Et bien sûr aussi ne rien dire et faire, qui en sont le corollaire.
J’ai pour ma part mis à profit cette coupure estivale pour rendre effectif ce silence et désactiver toute velléité d’action. Dans le premier cas en délaissant en particulier ce blog, ayant plus d’une fois résisté à la tentation de « poster » et m’en étant bien gardé, et dans le second en laissant les commandes à mon inconscient par une fracture de ma cheville droite qui m’a immobilisé quelques temps. J’ai même relégué la lecture. J’ai cherché le repos, la pause, la coupure, dans sa perspective de « un jour tout cela sera fini » qui a alimenté ma réflexion. Car, bien entendu, mes pensées ne sont jamais absentes, dans l’éveil ou dans le sommeil, que je m’en rende compte ou pas, et j’essaie donc le plus souvent d’en reprendre ou d’en maintenir le fil.

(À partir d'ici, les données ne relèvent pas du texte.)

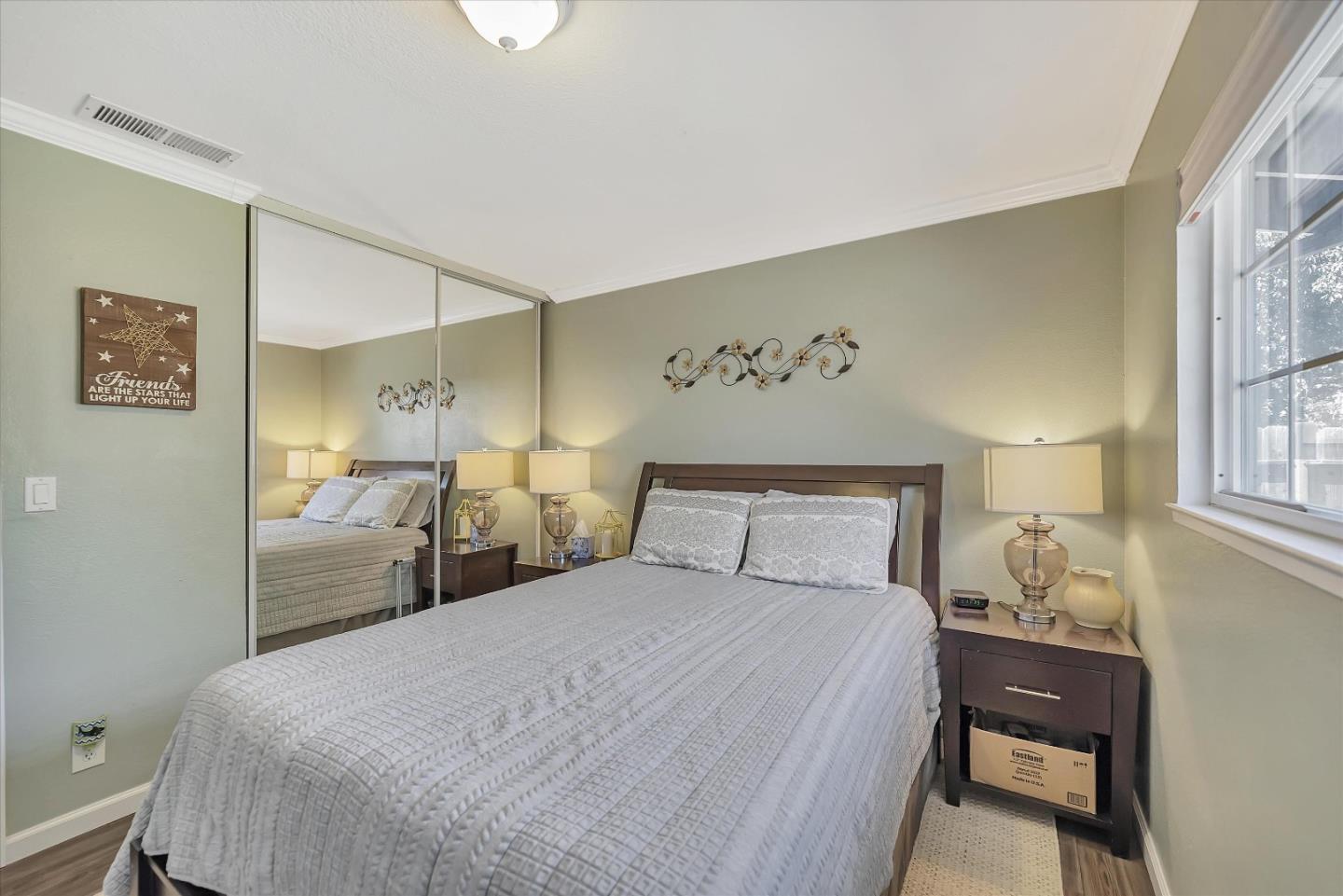 1391 3rd Street Gilroy, CA 95020 - Photo 23 of 40 a bedroom with a bed and a window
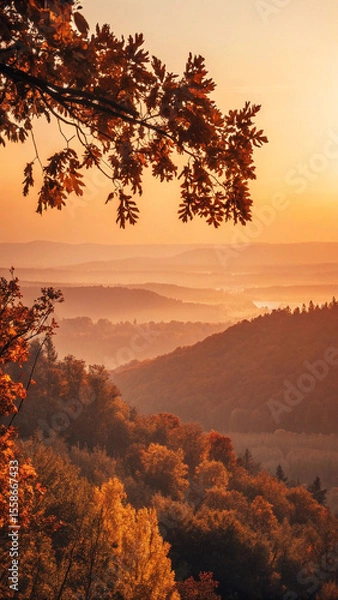 Fototapeta Warm sunlight illuminates layers of colorful trees and rolling hills covered with a blanket of mist during a serene autumn morning, creating a breathtaking natural panorama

Je précise que cette pensée pure, hors du dire et du faire, a représenté une épreuve, partant d’un défi que je me suis donné pour sortir des pratiques journalières, fussent-elles des plus créatives et personnelles. Je désirais une vraie coupure mais ne savais précisément comment faire, et surtout combien cela serait difficile dans la culture productiviste qui prévaut et qui nous imprègne, la plupart du temps précisément pour s’oublier. J’y suis plus ou moins parvenu, cédant ici ou là sur quelques lignes tracées, par quelques pages lues ou en effectuant quelques bonds sur ma jambe valide.
N’ayant pas réussi à me donner tout à fait pour mort, malgré ma bonne volonté (on sait ce que la bonne volonté consciente recèle de contradictions et de vaines prétentions), je reste persuadé que mon choix était judicieux, même partiellement réalisé et avec l’aide des marges obscures de mon moi pas vraiment conscient. La tentative est aussi méritoire car il y a tant de moyens d’oublier et si peu de réaliser, vraiment et pleinement, ce que l’on prétend vouloir.
On peut même utiliser le dire et le faire pour les jouer l’un contre l’autre. Remplir l’espace et le temps de propos insignifiants plutôt que de mettre en œuvre un projet bien concret, ou alors s’activer à tout va pour éviter de réaliser ce que l’on fait par là et de s’en ouvrir vraiment. Ne sommes-nous pas, citoyens et particuliers, gens de multiples ressources quand il s’agit de nous jouer des tours à nous-mêmes ?
Notons encore que si, comme je l’ai écrit ailleurs [ Dazibao#37 ], quitter l’évitement peut faire flèche de tout bois, c’est bien parce que, en toute logique, s’y maintenir le permet aussi.